Let me know if this clarifies a bit
Alfonso


Originally posted by Peter Dessen:

Hi, I have a qustions. In ROI-to-ROI results explorer, sometime I find the result of some regions does not correspond to that of other regions. For example, region A (source region) shows positive connectivity with region B (target region). But when I reverse the source and target region(now region A is target region & resign B is source region), it does not show positive connecitivty. Is it a bug of program? or Do I misunderstand something?  Now I'm confused to interpret the results. I appreciate if you help me.

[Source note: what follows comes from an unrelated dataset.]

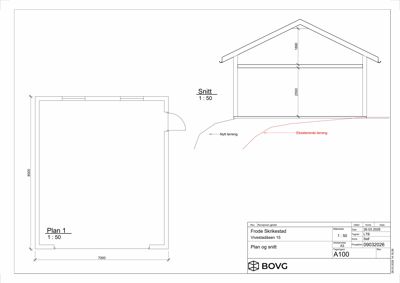 Bildet viser en tegning med både etasjeplan (Plan 1) og et snitt (Snitt) av en bygning. Snittet illustrerer høyde, takform og forhold mellom ny og eksisterende terreng.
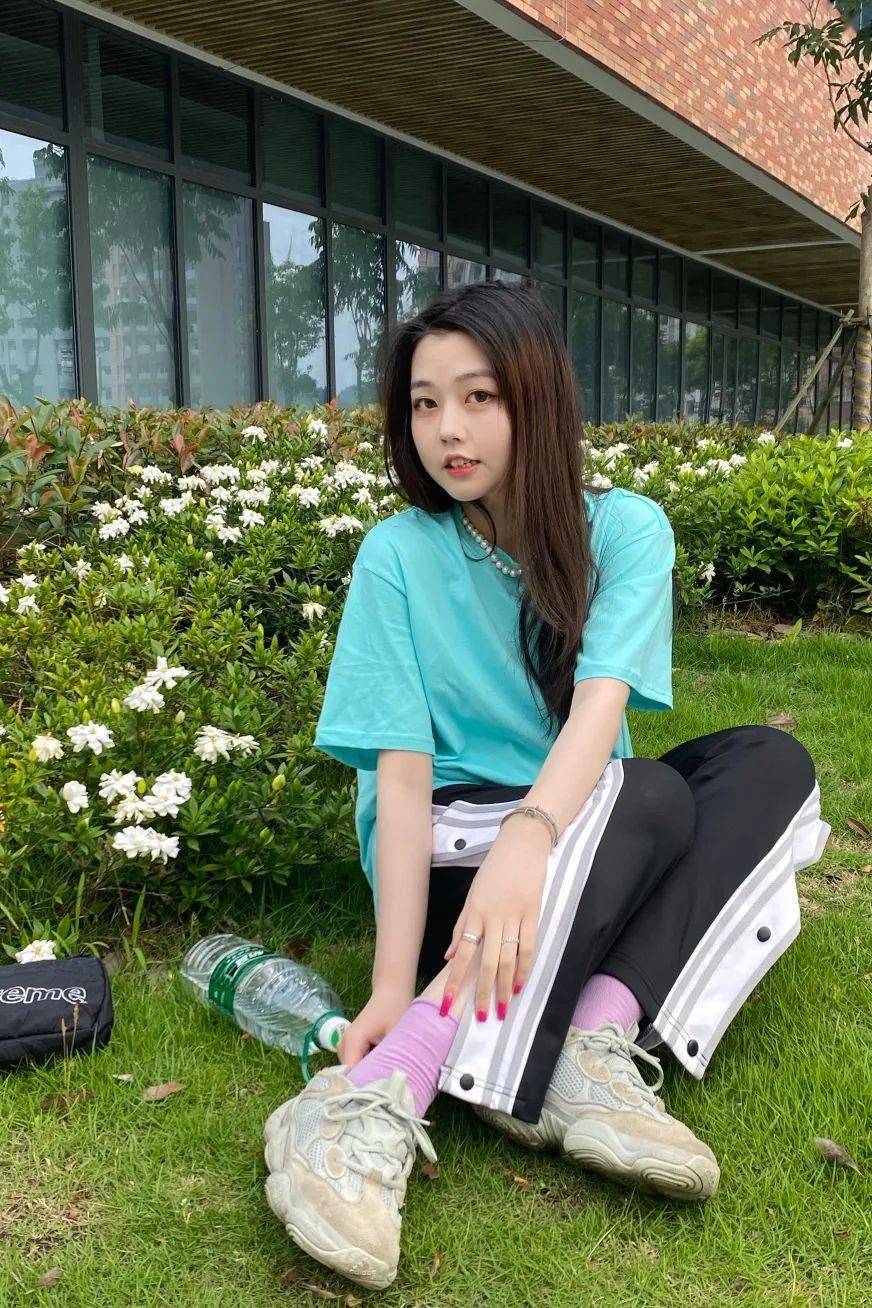 馋她还是鞋|萨瓦迪卡!这是你的肤白可爱大长腿的泰国公主,请签收!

Feb 12, 2012  03:02 PM | Peter Dessen
RE: Question: ROI-to-ROI results explorer
Hi Alfonso, 

Thank you very much! I cleary understand it. 

Kind regards, 

Peter
Originally posted by Alfonso Nieto-Castanon:
Hi Peter,

This condition might be due to the nature of the multiple-comparisons correction applied on the analysis results to determine the 'significance' of the results. If you are solely interested in the correlation between region A and region B (and this was your only test of interest) then you would determine the 'significance' of this result looking at the 'uncorrected p-value' of the ROI-to-ROI results (and this will be the same, whether you use A as source and B as target, or A as target and B as source). If, on the contrary, you are interested in the correlation between region A and *any* other region (e.g. you want to know whether there are *any* regions that are associated with a given a priori region A), then you would look at the 'FDR-corrected p-value' of the ROI-to-ROI results when using A as source and all other regions as targets. Because FDR is an adaptive method (e.g. the FDR-corrected p-value between region A and B depends not only on the association between A and B but also depends on all of the associations between region A and all other regions) it does not result in symmetric p-values (i.e. the FDR-corrected p-value between region A as source and region B as target is not the same as the FDR-corrected p-value between region B as source and region A as target, because the former depends on all of the associations between region A and all of the other regions, while the later depends on all of the associations between region B and all of the other regions). When interpreting your results just keep in mind that this FDR method (e.g. using a FDR-corrected p<.05 threshold) is set to guarantee that, among the resulting 'significant' effects for any given test, you can expect only 5% or less of these to be false positives. 

Let me know if this clarifies a bit
Alfonso


Originally posted by Peter Dessen:

Hi, I have a qustions. In ROI-to-ROI results explorer, sometime I find the result of some regions does not correspond to that of other regions. For example, region A (source region) shows positive connectivity with region B (target region). But when I reverse the source and target region(now region A is target region & resign B is source region), it does not show positive connecitivty. Is it a bug of program? or Do I misunderstand something?  Now I'm confused to interpret the results. I appreciate if you help me.